(Extracted entries begins)
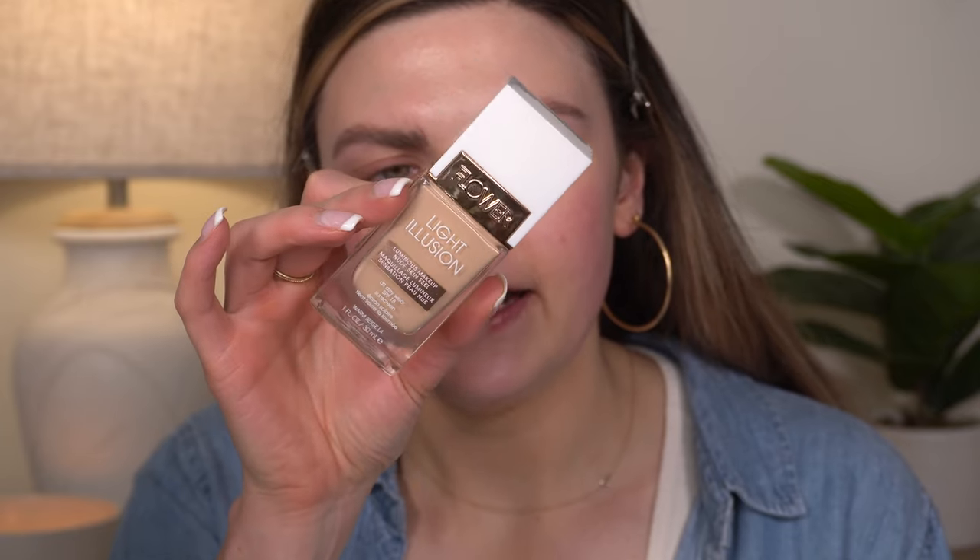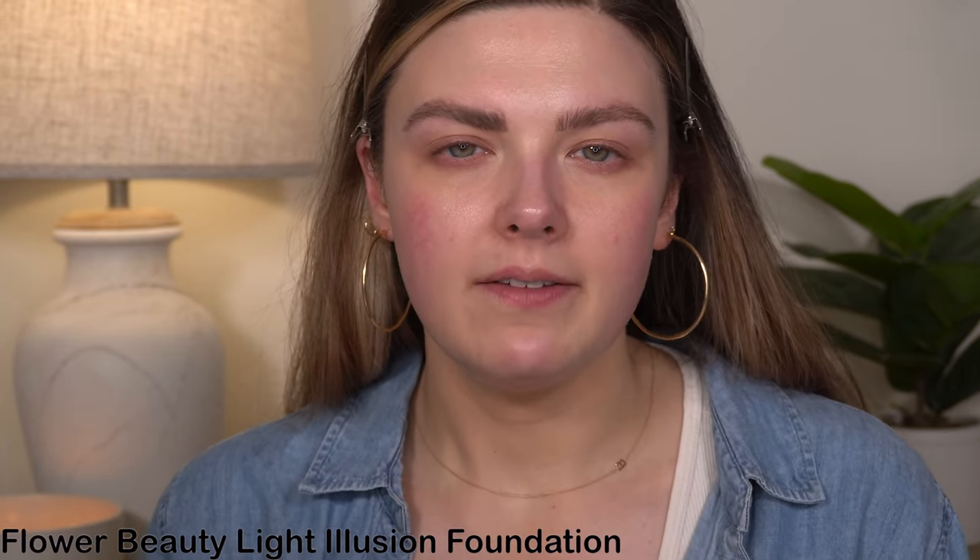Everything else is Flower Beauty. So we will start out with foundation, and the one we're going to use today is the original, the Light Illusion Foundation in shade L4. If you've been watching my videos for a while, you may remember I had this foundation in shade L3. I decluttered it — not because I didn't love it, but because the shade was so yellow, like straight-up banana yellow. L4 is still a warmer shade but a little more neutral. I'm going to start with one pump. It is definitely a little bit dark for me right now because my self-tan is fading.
(Extracted entries ends)
(Extracted entries begins)
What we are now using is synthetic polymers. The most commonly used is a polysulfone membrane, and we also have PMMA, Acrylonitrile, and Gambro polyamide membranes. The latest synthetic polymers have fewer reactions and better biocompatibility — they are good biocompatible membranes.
(Extracted entries ends)
(Extracted entries begins)
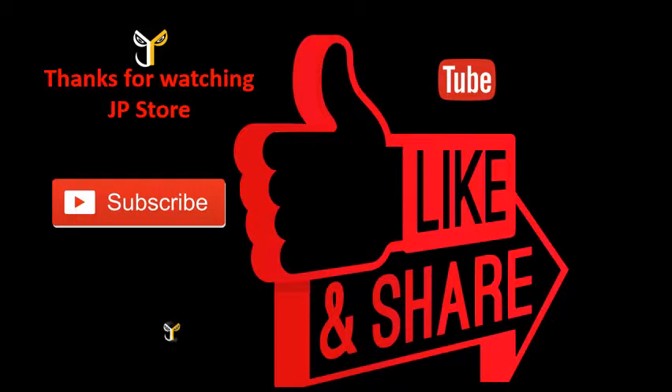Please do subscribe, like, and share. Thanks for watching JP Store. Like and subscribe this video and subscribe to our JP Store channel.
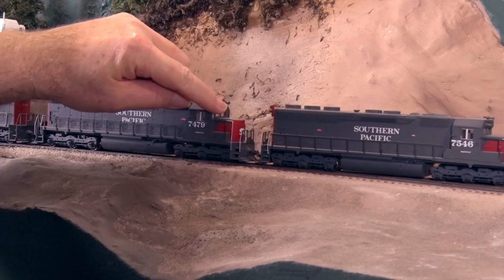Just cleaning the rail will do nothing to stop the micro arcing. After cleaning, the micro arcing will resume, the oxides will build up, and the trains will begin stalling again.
(Extracted entries ends)
Exercise details:
Only one part of the material above is wanted: the lines from the one with "Please do subscribe, like, and" up to and including the one with "Just cleaning the". Please copy them exactly, pictures left out.

Task output:
Please do subscribe, like, and share. Thanks for watching JP Store. Like and subscribe this video and subscribe to our JP Store channel.
Just cleaning the rail will do nothing to stop the micro arcing. After cleaning, the micro arcing will resume, the oxides will build up, and the trains will begin stalling again.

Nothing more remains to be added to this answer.